I have a 2 bedroom flat, no immersion or central heating.

I use a halogen heater in the living room and an electric blanket at night.

I have an efergy energy meter and am sitting here showing:

Energy Now: 3.01 kW
Daily Average: 62.7kWh

Is this really high?

Thanks
«1

Comments

  • Carolinerc wrote: »
    Energy Now: 3.01 kW

    Turn off the electric heater. What does it change to

    Turn off the electric blanket. what does it change to

    you'll have your answer! I bets are on the heater.

    If its still showing a high figure 500w+ after that then you'll have something else on which is a high user...
    GC Jan £431.490/£480.00 :beer: £48.51 under budget!
  • Blanket & Heater off. Has now dropped to 0.78kW

    Is 3.01 especially high?
  • penrhyn
    penrhyn Posts: 15,215 Forumite
    Part of the Furniture Combo Breaker
    3Kw is typical for a room heater, electric kettle or immersion heater.

    It will consume 3 units of electricity an hour when on, typical cost say 45 pence an hour.

    I imagine your halogen heater does not have a thermostat. I'd swap it for something that does.
    That gum you like is coming back in style.
  • macman
    macman Posts: 53,128 Forumite
    Part of the Furniture 10,000 Posts Name Dropper
    edited 16 December 2013 at 12:27PM
    Your heater (and every other electrcial device you own) has a plate on it showing the rating: yours is presumably a 3kW heater.
    If that heater is full on for 18 hours then it will use 54kWh of electricity, so that's the bulk of your daily usage. How do you heat your hot water though? That's the other major user of power.
    These portable monitors are not at all accurate, especially at low readings-your electricity meter will give you a far more accurate reading.
    What matters is your annual kWh usage, not a daily snapshot.
    No free lunch, and no free laptop ;)
  • vacheron
    vacheron Posts: 1,984 Forumite
    Part of the Furniture 1,000 Posts Name Dropper Photogenic
    edited 16 December 2013 at 1:37PM
    Our detached 4 bed house with lots of permanently running appliances,
    • 2x virgin media TIVO recorders,
    • alarm system,
    • 3x cordless phones on base stations
    • 5x routers and access points
    • PC based media server running 24/7
    • Large American style fridge freezer
    • CCTV PVR in the loft connected to 4 cameras
    ....consumes about 470w with all the lights, heaters and other obvious stuff off turned off, so 780w does seem a bit on the high side.

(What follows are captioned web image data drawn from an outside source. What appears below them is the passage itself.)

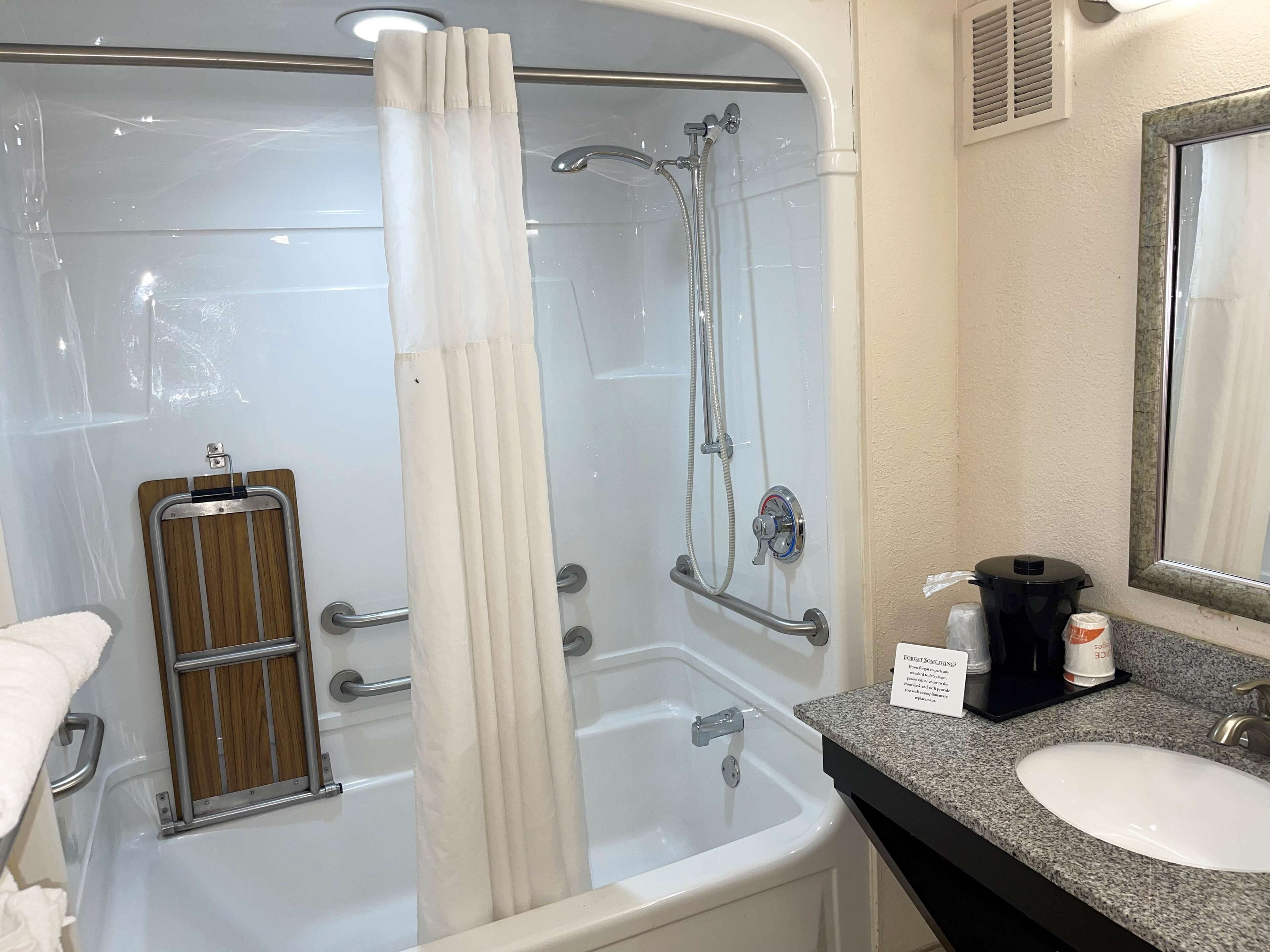 A bathroom with a shower, a grab bar, a sink, and a mirror.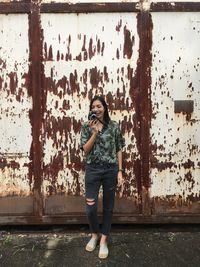 Full length of woman photographing from camera while standing against metallic wall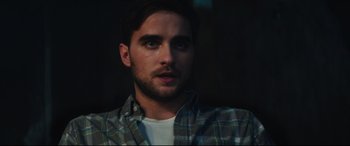 Movie still from “Truth or Dare” (2018), directed by Jeff Wadlow – A person wearing a plaid shirt; Close Up shot, Low angle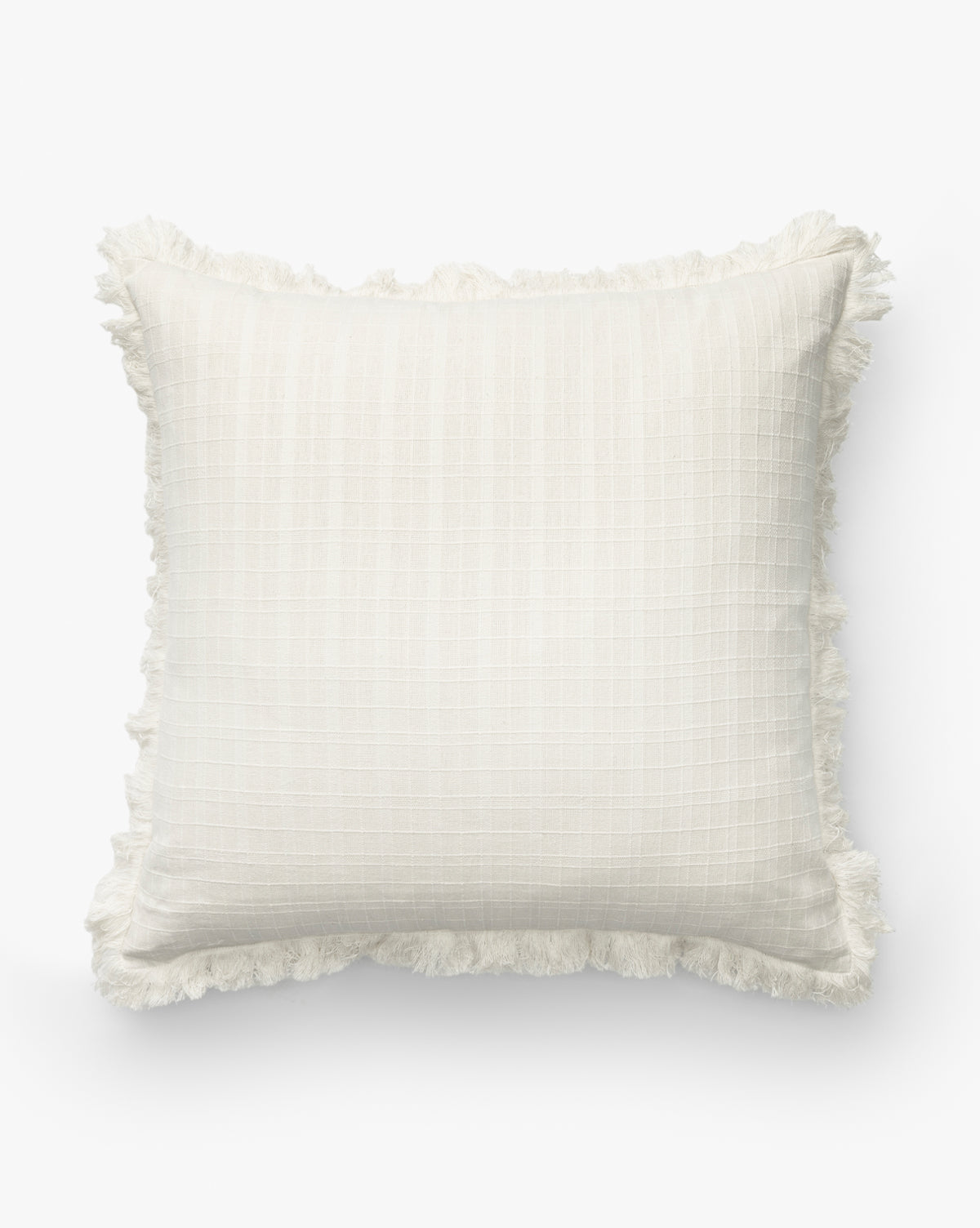 The Barnes Pillow Cover is a square, off-white decorative cover featuring a subtle checkered pattern and fringe trim on the edges, displayed against a plain white background by McGee & Co.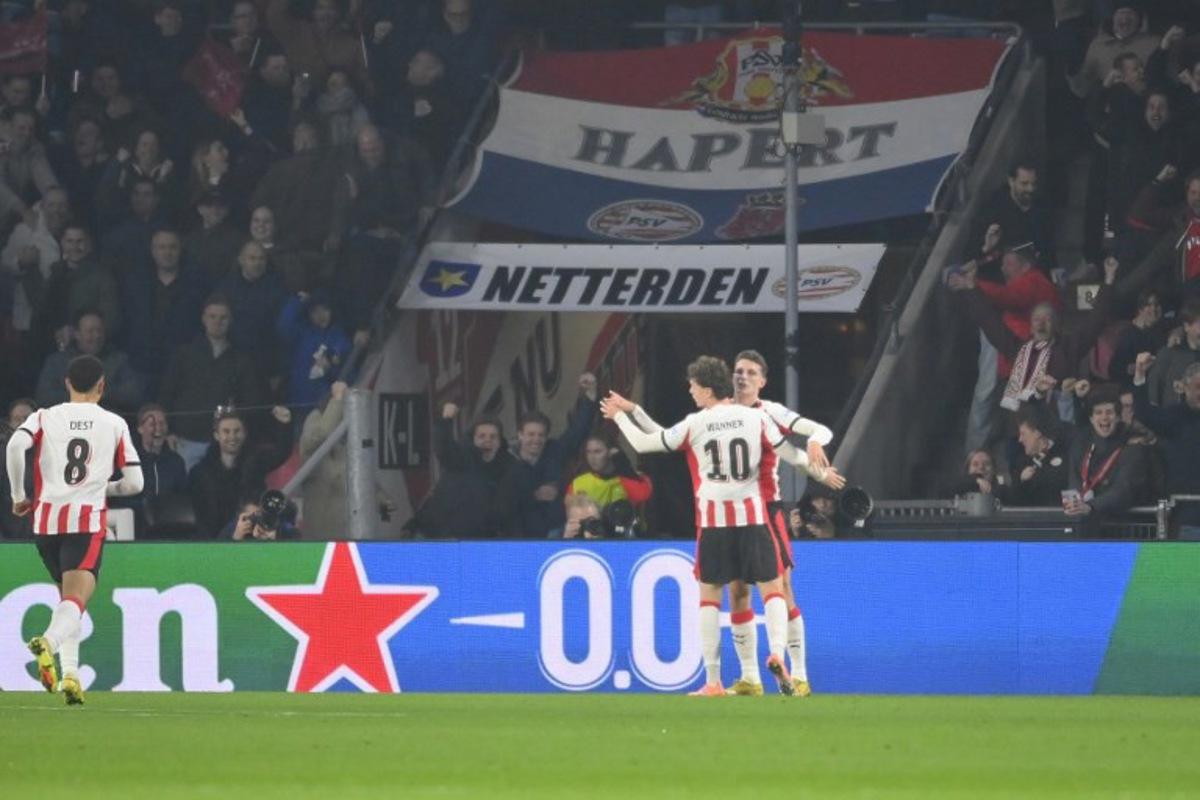 PSV Eindhoven's Dutch midfielder #20 Guus Til (R) celebrates scoring his team's first goal with teammates during the UEFA Champions League, league phase day 6, football match between PSV Eindhoven (NED) and Atletico Madrid (ESP), at the Philips Stadion, in Eindhoven, south of The Netherlands, on December 9, 2025.  JOHN THYS / AFP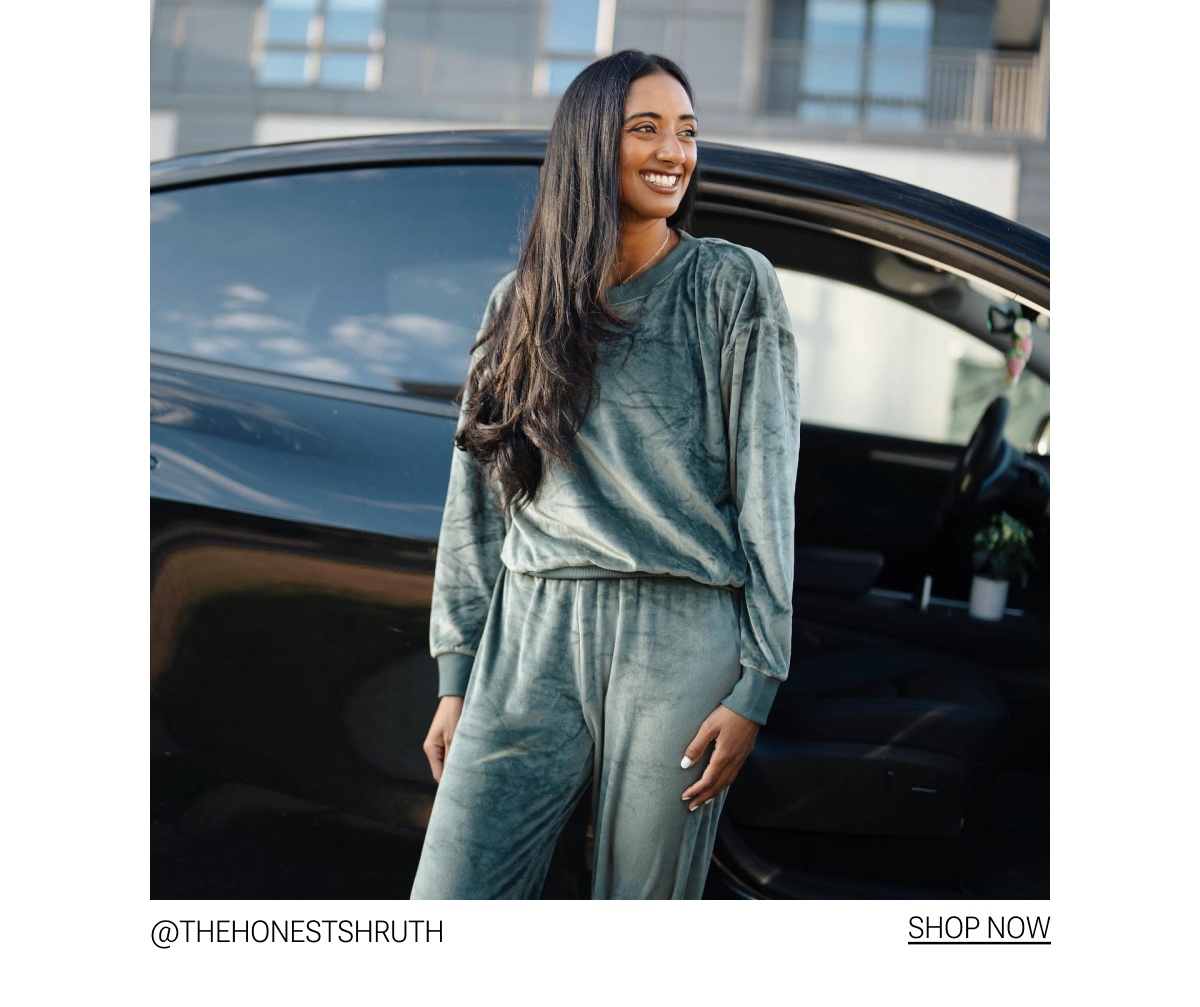 Model in olive green velour tracksuit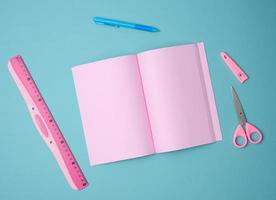 open notebook with blank pink sheets, scissors and ruler on blue background, top view photo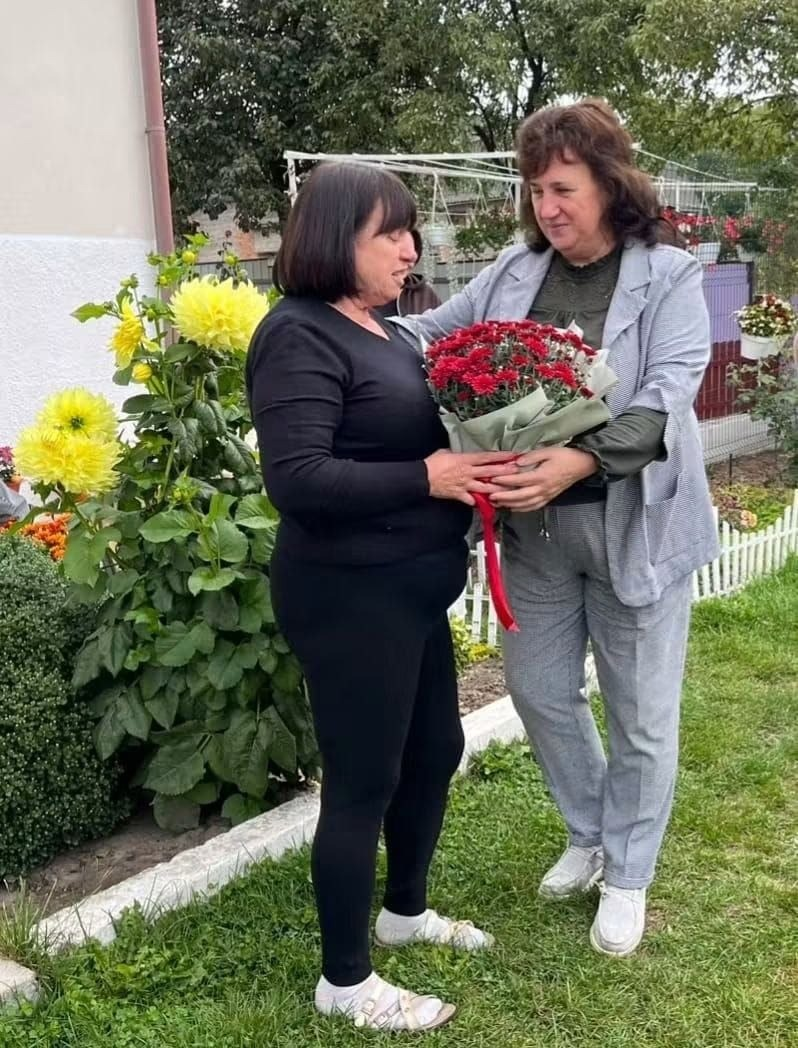 Начальниця Мирненської селищної військової адміністрації (праворуч, у сірому брючному костюмі) обіймає за плече мати загиблого захисника України Івана Лінейцева та передає їй великий букет червоних хризантем під час зустрічі на подвір'ї приватного будинку в межах обласного проєкту «Хронологія мужності», де мати полеглого воїна одягнена в чорну кофту та темні штани і з вдячністю приймає квіти, стоячи на зеленому газоні біля будинку, поруч із яким росте великий кущ із яскраво-жовтими жоржинами та облаштовано декоративний білий парканчик, а на задньому плані видно зелені дерева, металеву садову арку.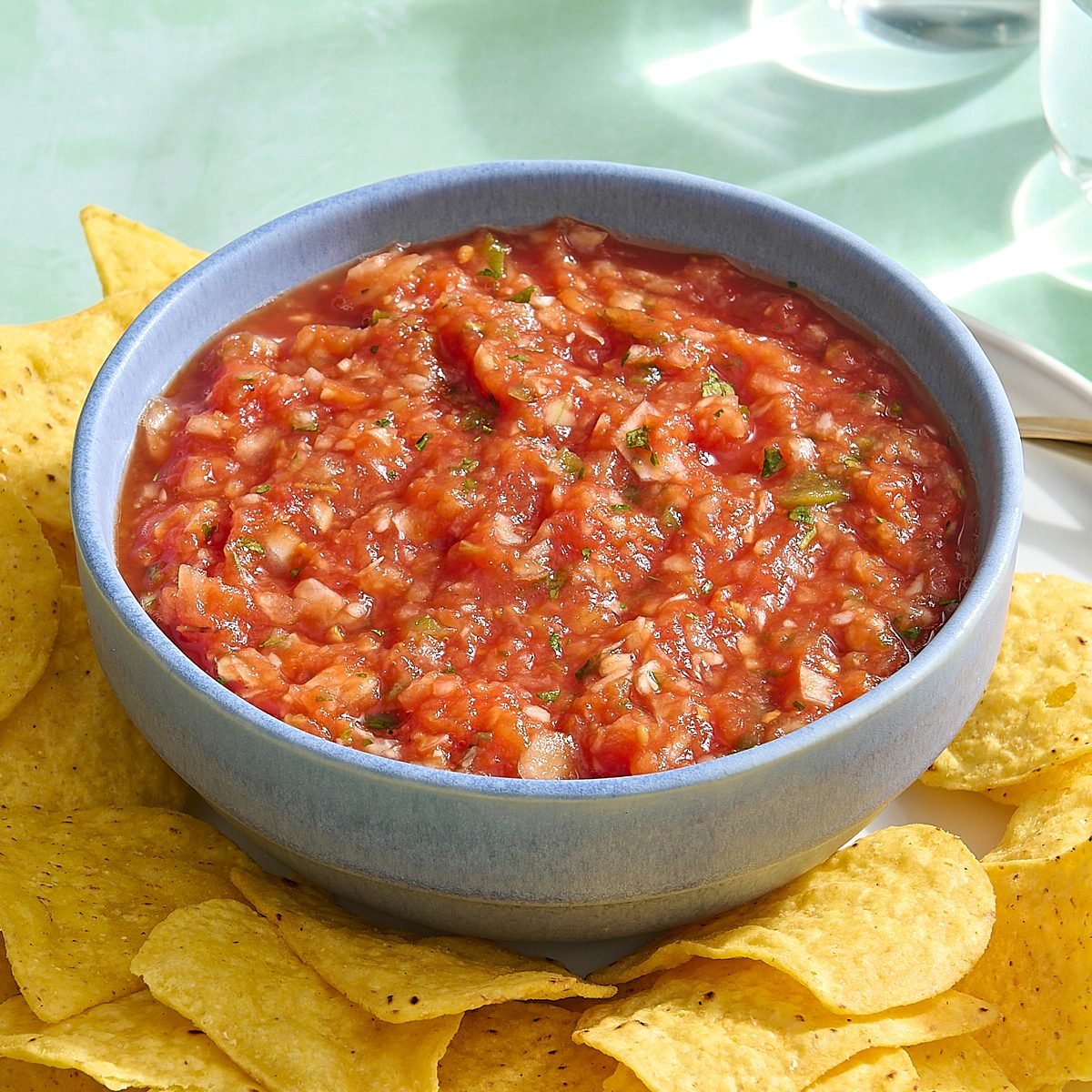 Homemade Mexican salsa in bowl with tortilla chips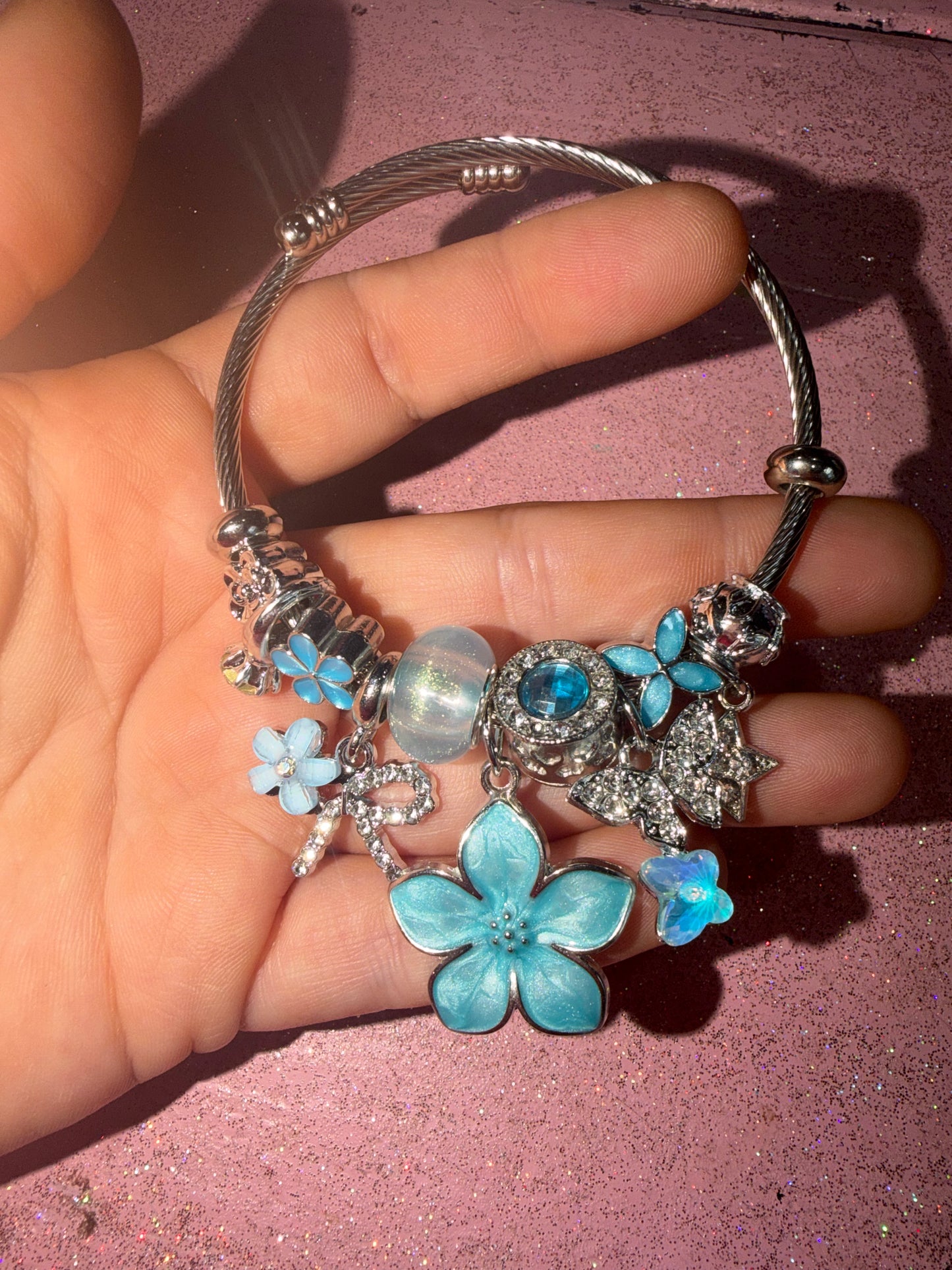 Baby blue flowers charm bracelet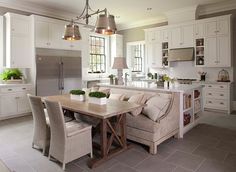 a kitchen with white cabinets and an island in the middle, surrounded by gray tile flooring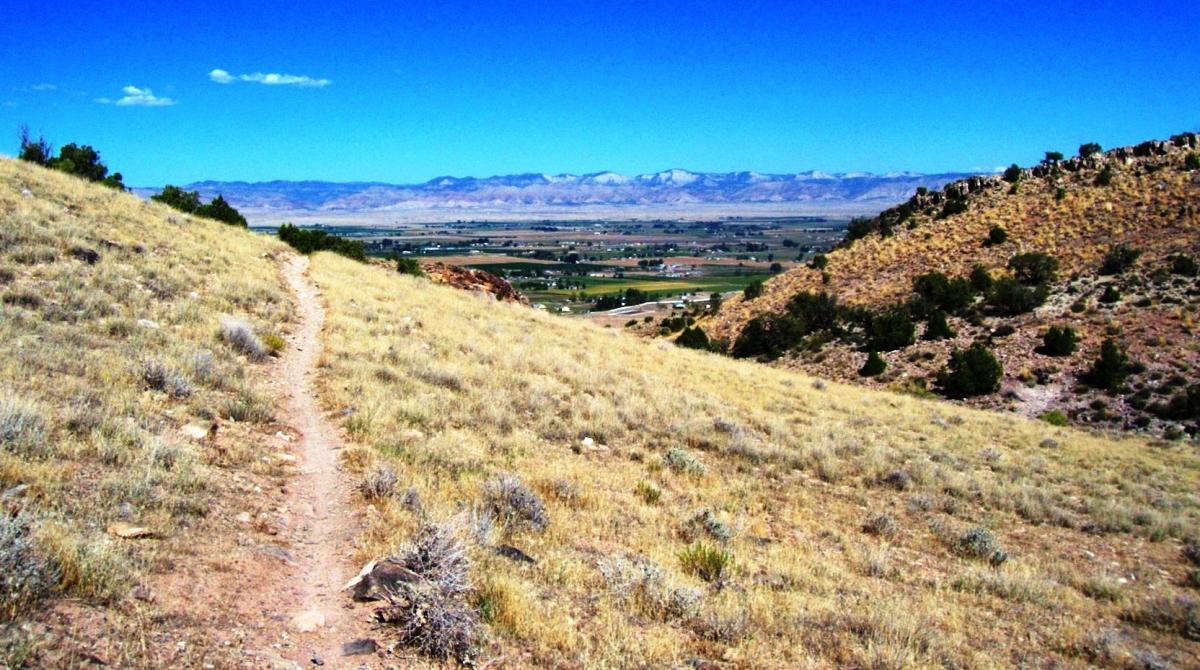 A scenic landscape featuring a winding dirt path leading downhill through golden grass and shrubbery. In the background, a lush green valley is nestled between rolling hills and majestic mountain peaks under a vibrant blue sky with a few scattered clouds. Moore Fun mountain bike trail.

    A fridge/freezer can consume 200-300W when the condenser and pump are running, also (not in your case I appreciate) a central heating boiler can need 20-30W too, and a central heating pump can take 40-60W.

    Best way is to switch everything off at the consumer unit and then bring each circuit up one by one and record the results. It is surprising how lots of tiny things can add up.
    • The rich buy assets.
    • The poor only have expenses.
    • The middle class buy liabilities they think are assets.
    Robert T. Kiyosaki
  • lstar337
    lstar337 Posts: 3,443 Forumite
    Part of the Furniture 1,000 Posts Name Dropper Combo Breaker
    vacheron wrote: »
    Our detached 4 bed house with lots of permanently running appliances,
    • 2x virgin media TIVO recorders,
    • alarm system,
    • 3x cordless phones on base stations
    • 5x routers and access points
    • PC based media server running 24/7
    • Large American style fridge freezer
    • CCTV PVR in the loft connected to 4 cameras
    ....consumes about 470w with all the lights, heaters and other obvious stuff off turned off, so 780w does seem a bit on the high side.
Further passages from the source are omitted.